Why reproducibility matters in GTA workflows
1. Why reproducibility matters
Scientific analyses must be transparent, traceable, and repeatable.
In fisheries data, reproducibility ensures that:
- Other researchers can validate results.
- Policy-makers can rely on evidence-based advice.
- Updates to datasets can be compared to earlier versions.
The FAIR principles (Findable, Accessible, Interoperable, Reusable) provide a framework to guarantee these goals.
2. How reproducibility is implemented in GTA workflows
RStudio Server on VLab5
VLab5 provides a uniform RStudio environment (same RStudio version, OS image, system libs), which avoids “it works on my machine” issues and makes demos consistent across learners. Use it when you want:
- A pre-configured R/RStudio environment for everyone.

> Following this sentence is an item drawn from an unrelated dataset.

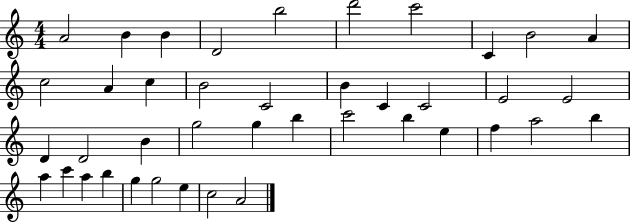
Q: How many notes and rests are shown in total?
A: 41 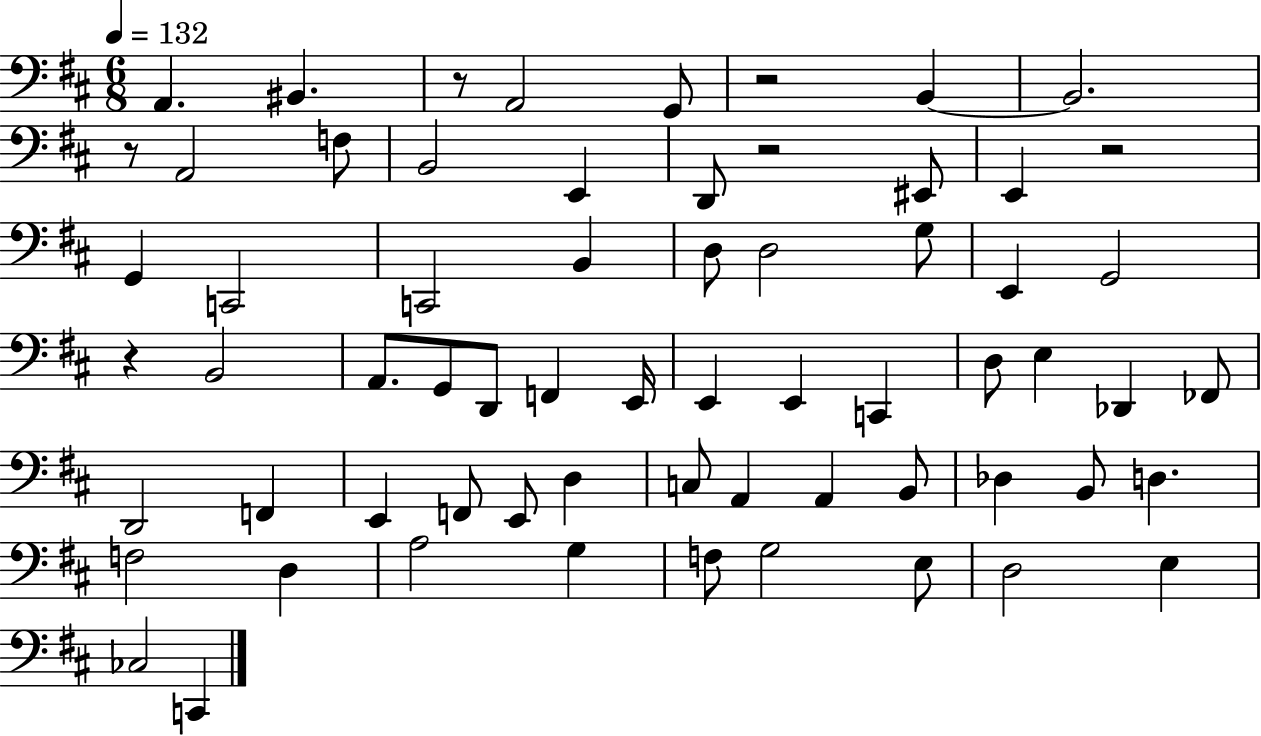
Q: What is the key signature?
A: D major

- Stable system libraries (GDAL/PROJ, curl, etc.) aligned with the course.
- Shared instructions: the same scripts and relative paths work for all users.

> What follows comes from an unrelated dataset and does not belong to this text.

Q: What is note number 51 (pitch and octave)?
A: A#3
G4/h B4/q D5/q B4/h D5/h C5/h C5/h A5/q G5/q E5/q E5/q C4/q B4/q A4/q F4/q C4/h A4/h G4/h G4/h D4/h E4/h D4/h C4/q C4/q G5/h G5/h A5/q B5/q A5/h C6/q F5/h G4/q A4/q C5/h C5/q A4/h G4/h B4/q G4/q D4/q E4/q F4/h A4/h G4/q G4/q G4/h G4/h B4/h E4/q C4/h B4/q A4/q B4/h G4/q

Alternative: you can run exactly the same steps locally in RStudio; the workflows and scripts are identical.
DOIs and Zenodo
DOIs (Digital Object Identifiers) provide a permanent, citable identifier for each dataset release.
In GTA, every public release is archived on Zenodo, which mints:
- a version DOI (e.g., 10.5281/zenodo.15496164) for that exact snapshot, and
- a concept DOI (stable “latest” record) that always points to the newest version.
Why we use them
- Stable citation in papers and reports,
- Long-term preservation of files and metadata,
- Clear versioning for reproducibility (each run points to a specific DOI).

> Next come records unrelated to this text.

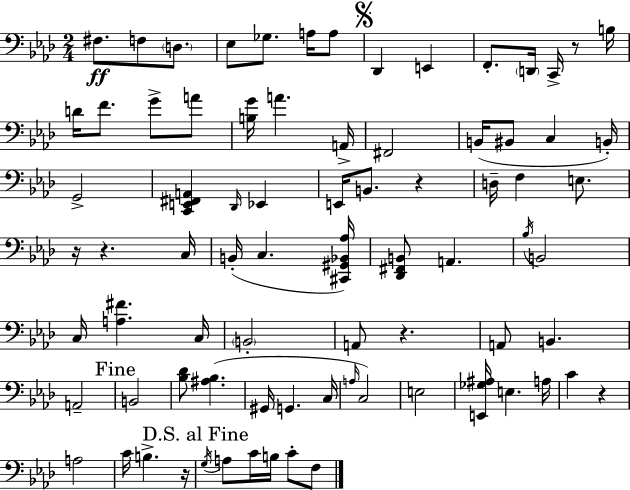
{
  \clef bass
  \numericTimeSignature
  \time 2/4
  \key f \minor
  \repeat volta 2 { fis8.\ff f8 \parenthesize d8. | ees8 ges8. a16 a8 | \mark \markup { \musicglyph "scripts.segno" } des,4 e,4 | f,8.-. \parenthesize d,16 c,16-> r8 b16 | \break d'16 f'8. g'8-> a'8 | <b g'>16 a'4. a,16-> | fis,2 | b,16( bis,8 c4 b,16-.) | \break g,2-> | <c, e, fis, a,>4 \grace { des,16 } ees,4 | e,16 b,8. r4 | d16-- f4 e8. | \break r16 r4. | c16 b,16-.( c4. | <cis, gis, bes, aes>16) <des, fis, b,>8 a,4. | \acciaccatura { bes16 } b,2 | \break c16 <a fis'>4. | c16 \parenthesize b,2-. | a,8 r4. | a,8 b,4. | \break a,2-- | \mark "Fine" b,2 | <bes des'>8 <ais bes>4.( | gis,16 g,4. | \break c16 \grace { a16 }) c2 | e2 | <e, ges ais>16 e4. | a16 c'4 r4 | \break a2 | c'16 b4.-> | r16 \mark "D.S. al Fine" \acciaccatura { g16 } a8 c'16 b16 | c'8-. f8 } \bar "|."
}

How to cite (example) Use the version DOI in methods/results, and the concept DOI in general references.
Global Tuna Atlas (IRD release). Level-2 geo-referenced catch, Zenodo,
DOI: 10.5281/zenodo.15496164 (versioned); concept DOI: 10.5281/zenodo.15496164
BibTeX (template)
@dataset{gta_level2_2025,
title = {Global Tuna Atlas - Level 2 Geo-referenced Catch},
author = {{GTA Team}},
year = {2025},
version = {2025.1},
doi = {10.5281/zenodo.15496164},
url = {https://doi.org/10.5281/zenodo.15496164},
publisher = {Zenodo},
note = {Use the version DOI for exact reproducibility}
}Dependency management with renv
renv captures the exact package versions used in the project (renv.lock), making analyses reproducible across sessions and machines. https://rstudio.github.io/renv/
Restore the environment (recommended):
# Restore all packages declared in renv.lock
renv::restore()Docker images
The following datasets: Level 2 geo‑referenced, effort ship a Dockerfile that encapsulates:
- Code (repositories + pinned versions),
- R packages (via
renv), and - Build scripts that produce the final dataset.
This guarantees that a dataset release can be recreated bit‑for‑bit provided the same inputs.
At this stage, Level 0 and effort datasets still rely on datasets manually collected from tRFMO websites, some of which are stored in a private Google Drive folder and not publicly accessible. Consequently, only Level 2 datasets can currently be fully built using open DOI-based sources, without relying on restricted files.
3. What is not reproducible
- The direct database connection cannot be fully shared:
- Requires passwords that cannot be distributed publicly.
- Risk of overload if too many users connect simultaneously.
- Requires passwords that cannot be distributed publicly.
Instead, reproducibility is achieved by providing:
- Exported datasets (via Zenodo DOIs).
- Scripts that rebuild processing steps.
Each user could, if needed, set up their own database instance locally.
Key takeaways
- Docker + renv ensure anyone can rebuild with the same environment.
- Each dataset ships with a Dockerfile and scripts to generate the release.
- Level 0 and effort datasets are partially dependent on non-public sources (e.g., Google Drive).